Place butter, sugar and 1/2 cup of the jelly crystals in a small bowl of electric mixer, reserving remaining jelly crystals for decoration.
Beat until light and fluffy. Add egg. Beat until combined. Transfer to a large bowl. Add flours. Stir until combined. Roll level tablespoons of mixture into balls. Place, about 4cm apart, on prepared trays.
Cook in a moderately slow oven (160C), swapping trays halfway through, for about 12 minutes, or until just firm to touch. Remove. Stand on trays for 5 minutes.
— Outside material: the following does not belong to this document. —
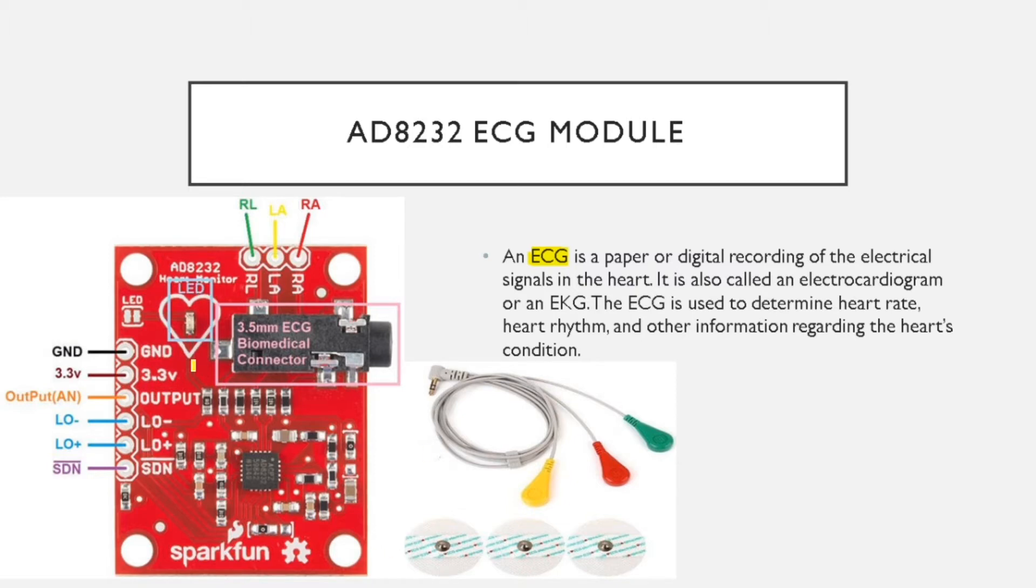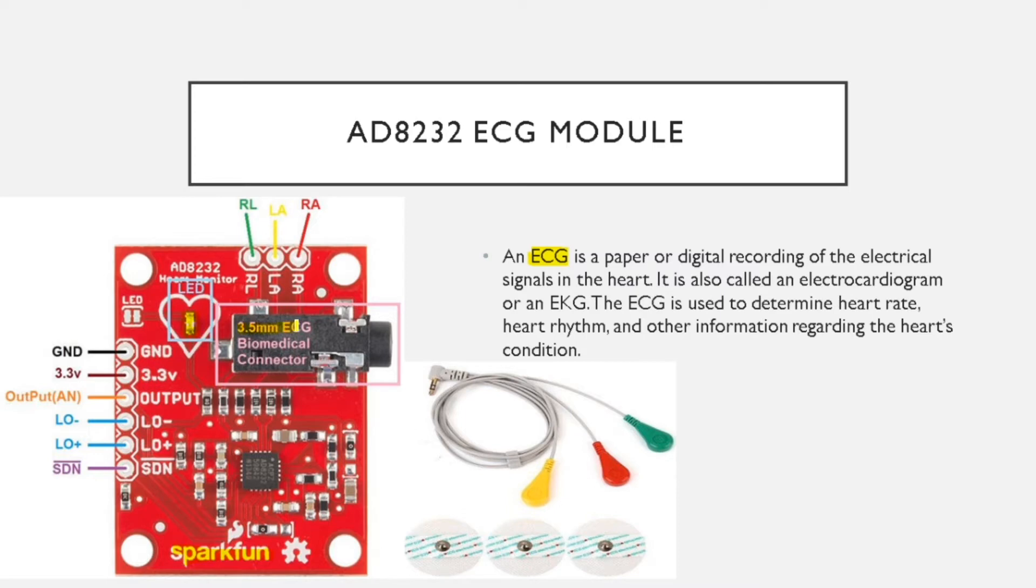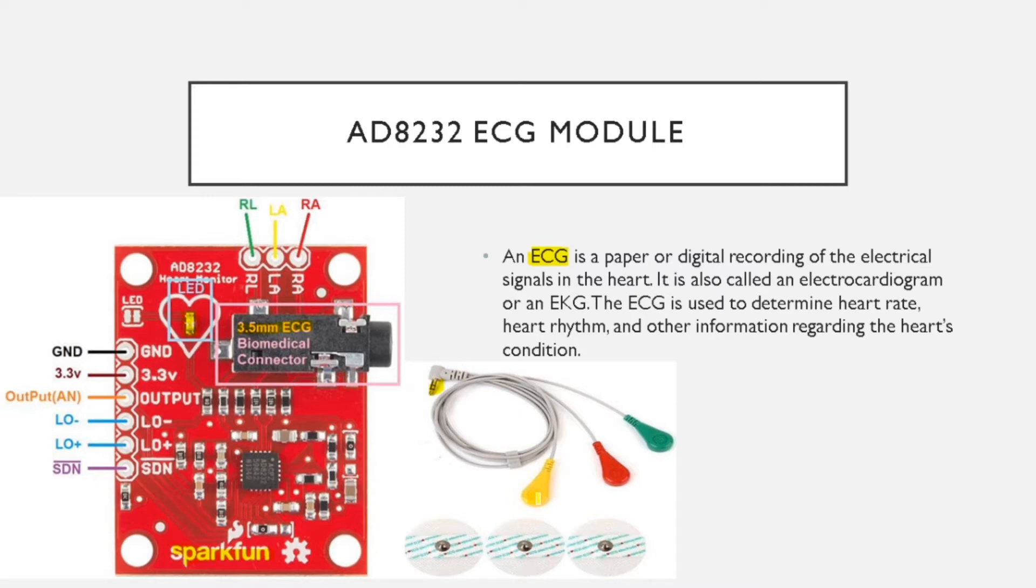So this is the ECG module that we are going to use in this project. It is made by SparkFun and it has an LED over here and a 3.5mm ECG jack. This pin has to be connected over here and it is a 3-lead ECG, and these pins are to be connected to the ECG pads.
Transfer to a wire rack to cool completely.
To make icing, place icing mix in a medium bowl. Stir in enough hot water (we used about 1 ¾ tablespoons) to form a spreadable consistency. (Icing should just drip down sides of biscuit, without being too runny.)
Spoon 1 teaspoon of icing over each biscuit. Spread slightly. Sprinkle with some of the reserved jelly crystals. Allow icing to set before serving.